• What this task involves
Scan the entries below, and for each line that includes the word "Indoor", make a copy.

• Records provided
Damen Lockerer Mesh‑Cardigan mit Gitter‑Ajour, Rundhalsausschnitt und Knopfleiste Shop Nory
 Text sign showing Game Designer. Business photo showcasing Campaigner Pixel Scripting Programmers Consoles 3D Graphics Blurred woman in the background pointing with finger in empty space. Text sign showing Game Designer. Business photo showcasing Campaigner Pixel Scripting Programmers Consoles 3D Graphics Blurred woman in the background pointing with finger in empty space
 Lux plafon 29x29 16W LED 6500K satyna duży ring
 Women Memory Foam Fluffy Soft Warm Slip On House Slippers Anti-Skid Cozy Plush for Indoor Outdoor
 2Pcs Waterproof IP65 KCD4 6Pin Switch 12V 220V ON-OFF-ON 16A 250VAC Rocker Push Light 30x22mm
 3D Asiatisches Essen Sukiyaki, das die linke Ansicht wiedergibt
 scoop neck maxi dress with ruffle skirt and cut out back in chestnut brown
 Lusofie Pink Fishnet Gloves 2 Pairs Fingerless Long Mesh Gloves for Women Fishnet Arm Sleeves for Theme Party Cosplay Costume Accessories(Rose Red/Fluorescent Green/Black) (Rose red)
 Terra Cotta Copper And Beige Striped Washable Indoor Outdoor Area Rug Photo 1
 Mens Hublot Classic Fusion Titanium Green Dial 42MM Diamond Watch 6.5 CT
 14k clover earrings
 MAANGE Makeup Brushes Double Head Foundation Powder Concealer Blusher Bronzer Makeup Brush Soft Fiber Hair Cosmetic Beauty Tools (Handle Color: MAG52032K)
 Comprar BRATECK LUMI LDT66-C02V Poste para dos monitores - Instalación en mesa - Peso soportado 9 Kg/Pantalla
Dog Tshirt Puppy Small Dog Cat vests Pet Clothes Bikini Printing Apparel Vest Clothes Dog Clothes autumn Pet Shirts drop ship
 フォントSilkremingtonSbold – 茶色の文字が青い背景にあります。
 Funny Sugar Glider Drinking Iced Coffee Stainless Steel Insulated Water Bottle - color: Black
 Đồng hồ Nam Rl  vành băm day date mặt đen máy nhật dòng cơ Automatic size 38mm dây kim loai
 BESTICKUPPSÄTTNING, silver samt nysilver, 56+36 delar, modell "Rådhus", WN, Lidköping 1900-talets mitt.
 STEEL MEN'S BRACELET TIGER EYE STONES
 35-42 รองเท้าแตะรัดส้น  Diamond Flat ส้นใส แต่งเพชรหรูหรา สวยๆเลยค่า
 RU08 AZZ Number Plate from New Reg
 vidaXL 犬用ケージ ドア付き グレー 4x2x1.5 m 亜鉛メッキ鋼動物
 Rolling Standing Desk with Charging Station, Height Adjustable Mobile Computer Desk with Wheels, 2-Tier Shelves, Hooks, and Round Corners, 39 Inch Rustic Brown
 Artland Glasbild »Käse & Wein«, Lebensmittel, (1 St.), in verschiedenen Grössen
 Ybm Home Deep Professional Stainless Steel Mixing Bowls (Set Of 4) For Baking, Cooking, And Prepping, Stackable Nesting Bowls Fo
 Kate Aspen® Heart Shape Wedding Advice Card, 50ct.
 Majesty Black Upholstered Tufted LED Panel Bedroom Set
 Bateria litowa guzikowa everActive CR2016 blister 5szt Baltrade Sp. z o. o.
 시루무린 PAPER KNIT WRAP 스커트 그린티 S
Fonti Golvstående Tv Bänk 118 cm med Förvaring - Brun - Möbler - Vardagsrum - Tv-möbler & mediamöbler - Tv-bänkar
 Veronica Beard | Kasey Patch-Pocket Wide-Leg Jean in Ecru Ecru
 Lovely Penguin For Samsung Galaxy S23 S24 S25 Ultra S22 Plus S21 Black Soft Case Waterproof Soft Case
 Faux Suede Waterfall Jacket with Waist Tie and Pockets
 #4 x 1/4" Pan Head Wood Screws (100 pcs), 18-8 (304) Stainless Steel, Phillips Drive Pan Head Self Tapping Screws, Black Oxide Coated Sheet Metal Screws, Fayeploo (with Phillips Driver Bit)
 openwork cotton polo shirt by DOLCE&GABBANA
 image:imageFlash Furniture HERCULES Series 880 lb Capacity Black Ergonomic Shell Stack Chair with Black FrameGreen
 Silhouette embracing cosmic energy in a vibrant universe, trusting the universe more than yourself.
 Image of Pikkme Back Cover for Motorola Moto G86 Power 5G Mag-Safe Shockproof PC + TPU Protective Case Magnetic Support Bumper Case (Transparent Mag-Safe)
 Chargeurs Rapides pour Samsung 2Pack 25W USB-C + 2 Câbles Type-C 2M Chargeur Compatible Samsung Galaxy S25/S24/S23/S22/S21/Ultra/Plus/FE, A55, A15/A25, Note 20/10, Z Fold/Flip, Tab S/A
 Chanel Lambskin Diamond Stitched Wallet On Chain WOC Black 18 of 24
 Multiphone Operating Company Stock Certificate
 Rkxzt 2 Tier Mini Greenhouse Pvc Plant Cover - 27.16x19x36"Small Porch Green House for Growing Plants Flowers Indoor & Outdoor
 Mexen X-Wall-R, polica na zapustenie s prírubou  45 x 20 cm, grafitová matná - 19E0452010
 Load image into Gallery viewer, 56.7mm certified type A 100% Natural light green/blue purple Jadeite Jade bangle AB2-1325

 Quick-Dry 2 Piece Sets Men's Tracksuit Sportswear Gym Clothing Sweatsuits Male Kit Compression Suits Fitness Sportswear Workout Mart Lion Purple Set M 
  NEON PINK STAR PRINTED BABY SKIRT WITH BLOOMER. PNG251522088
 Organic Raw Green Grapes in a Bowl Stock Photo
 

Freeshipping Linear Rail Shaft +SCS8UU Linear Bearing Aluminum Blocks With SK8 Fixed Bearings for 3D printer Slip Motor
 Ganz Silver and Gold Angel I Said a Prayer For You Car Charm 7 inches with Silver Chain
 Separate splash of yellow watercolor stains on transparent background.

• Completed task
 Women Memory Foam Fluffy Soft Warm Slip On House Slippers Anti-Skid Cozy Plush for Indoor Outdoor
 Terra Cotta Copper And Beige Striped Washable Indoor Outdoor Area Rug Photo 1
 Rkxzt 2 Tier Mini Greenhouse Pvc Plant Cover - 27.16x19x36"Small Porch Green House for Growing Plants Flowers Indoor & Outdoor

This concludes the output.